(Image-caption web data)
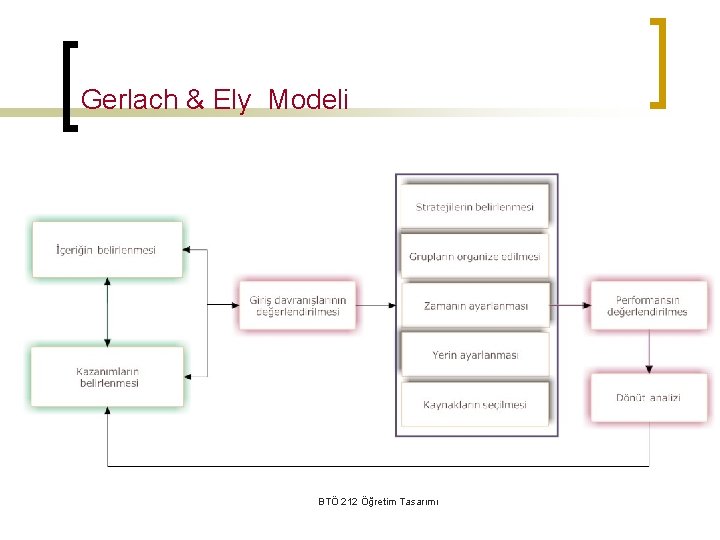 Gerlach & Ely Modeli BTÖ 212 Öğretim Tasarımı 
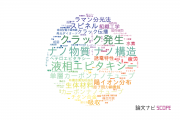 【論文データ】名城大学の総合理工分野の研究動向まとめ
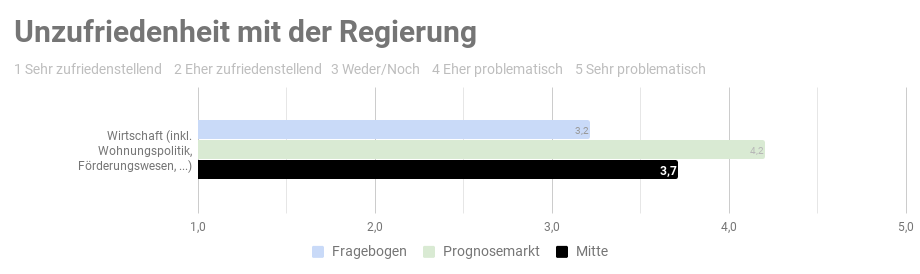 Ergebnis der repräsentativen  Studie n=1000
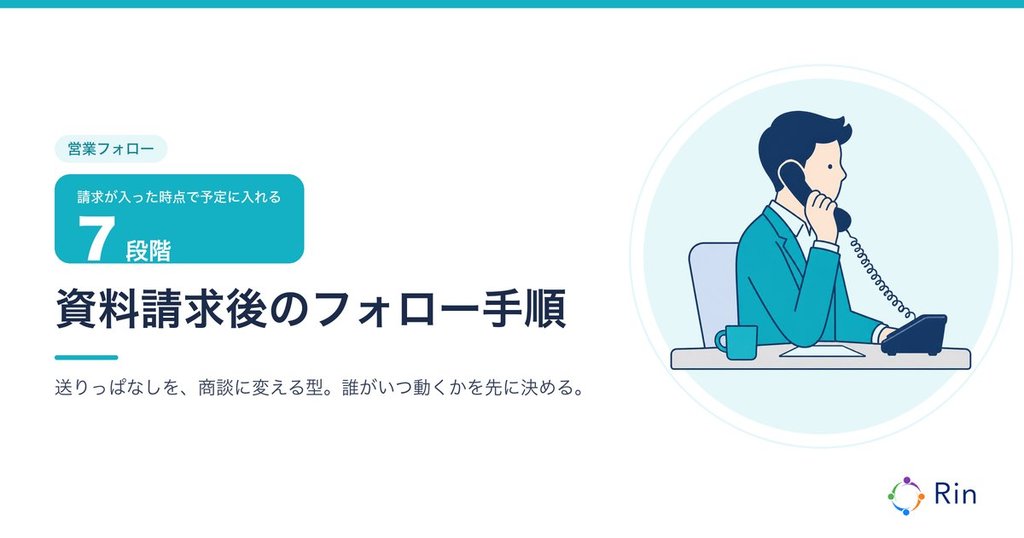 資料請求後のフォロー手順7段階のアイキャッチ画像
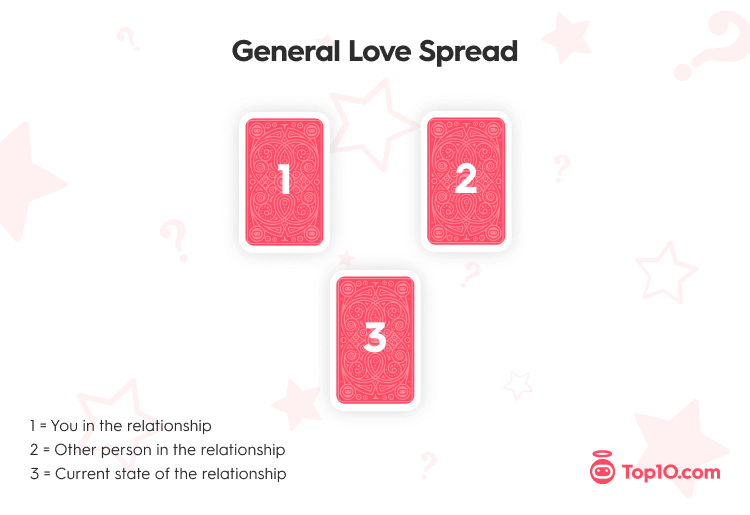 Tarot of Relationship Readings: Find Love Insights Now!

**Instructions for the task**
Transcribe each entry above exactly, apart from the pictures.

**Response below**
 Gerlach & Ely Modeli BTÖ 212 Öğretim Tasarımı 
 【論文データ】名城大学の総合理工分野の研究動向まとめ
 Ergebnis der repräsentativen  Studie n=1000
 資料請求後のフォロー手順7段階のアイキャッチ画像
 Tarot of Relationship Readings: Find Love Insights Now!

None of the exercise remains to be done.